Jaimee Harris is poised to become the next queen of Americana-Folk, a slightly edgier Emmylou Harris for the younger generation. Her soon-to-be released debut album draws comparisons to Patty Griffin, Lucinda Williams, and Kathleen Edwards – all writers who know how to craft a heartbreakingly beautiful song with just enough grit to keep you enthralled. Harris writes about the basic human experience in a way that is simple, poetic, and often painfully relatable. Harris’s talent has impressed artists and critics alike. Jimmy LaFave deemed her his “new favorite” and Peter Blackstock of the Austin-American Statesman called her “one of Austin’s most promising young singer-songwriters.”.

“She’s quick to pay homage to her musical heroes, but Jaimee Harris is her own person, with her own voice. She’s got a natural songwriter’s instinct for the hard truth, and a voice that brings them home with a visceral punch. Pay attention.” – Gretchen Peters

Bella White

While traditional bluegrass is usually associated with the American South, the genre has surely found a safe and loving Canadian home in the form of Calgary-born singer/songwriter Bella White.  Armed with a piercing voice, edged with teardrops, White’s debut album Just Like Leaving, rings out as a coming of age anthem.  The twenty year-old singer/songwriter and instrumentalist shys away from modern and fussy arrangements, and instead brings a traditional style of music into the contemporary moment by personalizing it to her own experiences.  “I want people my age to hear my music, and think, actually Bluegrass is kind of cool”, she says.  Throughout Just Like Leaving, White finds her strength in leaving home for the first time, with songs of heartbreak and loneliness that demonstrate both an old soul and a young heart.

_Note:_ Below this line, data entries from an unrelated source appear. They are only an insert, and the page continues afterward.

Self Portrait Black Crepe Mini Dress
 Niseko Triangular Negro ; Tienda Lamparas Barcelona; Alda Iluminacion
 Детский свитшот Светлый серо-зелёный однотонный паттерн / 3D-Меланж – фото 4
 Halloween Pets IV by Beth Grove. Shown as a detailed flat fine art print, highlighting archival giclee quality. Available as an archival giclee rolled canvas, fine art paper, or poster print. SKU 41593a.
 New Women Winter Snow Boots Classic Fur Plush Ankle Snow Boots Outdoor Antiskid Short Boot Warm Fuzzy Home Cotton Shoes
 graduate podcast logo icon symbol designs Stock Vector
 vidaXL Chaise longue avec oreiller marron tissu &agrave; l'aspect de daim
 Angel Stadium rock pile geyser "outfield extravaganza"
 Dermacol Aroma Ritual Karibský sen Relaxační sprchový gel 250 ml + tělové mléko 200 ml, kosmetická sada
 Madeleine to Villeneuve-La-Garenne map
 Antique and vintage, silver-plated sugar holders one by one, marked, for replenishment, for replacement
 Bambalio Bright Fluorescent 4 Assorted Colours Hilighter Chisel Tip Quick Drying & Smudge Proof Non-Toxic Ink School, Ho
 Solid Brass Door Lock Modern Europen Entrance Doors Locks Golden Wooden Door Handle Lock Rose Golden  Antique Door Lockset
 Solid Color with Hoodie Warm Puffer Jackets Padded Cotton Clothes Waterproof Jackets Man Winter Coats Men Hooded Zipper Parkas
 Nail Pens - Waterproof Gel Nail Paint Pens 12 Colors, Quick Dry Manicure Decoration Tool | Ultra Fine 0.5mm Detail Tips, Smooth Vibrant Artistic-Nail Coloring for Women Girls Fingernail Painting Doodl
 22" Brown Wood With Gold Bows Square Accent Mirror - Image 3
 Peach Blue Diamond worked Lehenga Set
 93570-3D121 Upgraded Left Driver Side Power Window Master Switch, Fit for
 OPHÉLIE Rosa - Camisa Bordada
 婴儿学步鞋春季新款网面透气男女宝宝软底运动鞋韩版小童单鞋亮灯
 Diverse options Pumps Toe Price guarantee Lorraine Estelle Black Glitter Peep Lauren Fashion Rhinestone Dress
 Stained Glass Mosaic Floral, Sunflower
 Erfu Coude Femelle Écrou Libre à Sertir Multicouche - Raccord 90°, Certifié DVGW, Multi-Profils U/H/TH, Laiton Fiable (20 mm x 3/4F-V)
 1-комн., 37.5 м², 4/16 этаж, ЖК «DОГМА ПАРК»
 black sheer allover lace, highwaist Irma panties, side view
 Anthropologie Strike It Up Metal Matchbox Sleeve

Produced by fiddle player Patrick M’Gonigle (The Lonely Heartstring Band), Just Like Leaving, was recorded and mixed by Grammy-winning engineer Dave Sinko at Gilford Sound Studios in Vermont.  White’s frequent collaborators Reed Stutz (Mandolin, harmony vocals), Julian Pinnelli (Fiddle, harmony vocals), and Alan Mackie (Bass) create a weaving, textured landscape from which White’s no-nonsense voice takes off.  White sights The Stanley Brother’s as one of her biggest vocal influences, and her love of harmony singing is on full display throughout the album.  On Just Like Leaving, White has shown herself to be a star student of the bluegrass genre, with something new to bring to the table.  Her ability to translate modern experience to an old sound is seamless and compelling, and permeates the boundaries of a regional genre with authentic singing and songwriting.

Rachel Sumner & Traveling Light

Fresh off a first place win at the 2023 Thomas Point Beach Bluegrass Festival band competition, Rachel Sumner & Traveling Light have been captivating audiences throughout the northeast. With songs as sweet and biting as the nectar and venom in her voice, Sumner’s lyric-forward writing and penchant for snaking chord progressions demand something far beyond folk conventions, highlighting the acrobatic range of her brilliant bandmates Kat Wallace (fiddle) and Mike Siegel (upright bass).

Sumner is no stranger to the stage. She spent her early career on the bluegrass circuit, singing and writing with the genre-bending roots group Twisted Pine. Since setting out on her own, Sumner’s songs have been critically acclaimed: winning the 2021 John Lennon Award in the folk category for her song “Radium Girls (Curie Eleison);” earning a spot in the Kerrville New Folk Competition; and being chosen four consecutive years as one of the top Massachusetts entries in NPR’s Tiny Desk Competition.

Rachel Sumner will be releasing her new album Heartless Things in May, 2024.